Collected data entries
**********
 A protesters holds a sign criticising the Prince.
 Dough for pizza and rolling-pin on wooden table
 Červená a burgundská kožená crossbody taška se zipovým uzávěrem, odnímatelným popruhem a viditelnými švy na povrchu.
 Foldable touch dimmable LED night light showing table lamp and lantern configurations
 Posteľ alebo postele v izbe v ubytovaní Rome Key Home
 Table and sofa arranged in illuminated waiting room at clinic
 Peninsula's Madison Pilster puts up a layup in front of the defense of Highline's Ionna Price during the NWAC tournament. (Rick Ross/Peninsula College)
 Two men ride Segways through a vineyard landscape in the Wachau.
**********
■ **Description of the task**: The data above, all of it, needs to be output exactly as written.

■ **Task solution**:
 A protesters holds a sign criticising the Prince.
 Dough for pizza and rolling-pin on wooden table
 Červená a burgundská kožená crossbody taška se zipovým uzávěrem, odnímatelným popruhem a viditelnými švy na povrchu.
 Foldable touch dimmable LED night light showing table lamp and lantern configurations
 Posteľ alebo postele v izbe v ubytovaní Rome Key Home
 Table and sofa arranged in illuminated waiting room at clinic
 Peninsula's Madison Pilster puts up a layup in front of the defense of Highline's Ionna Price during the NWAC tournament. (Rick Ross/Peninsula College)
 Two men ride Segways through a vineyard landscape in the Wachau.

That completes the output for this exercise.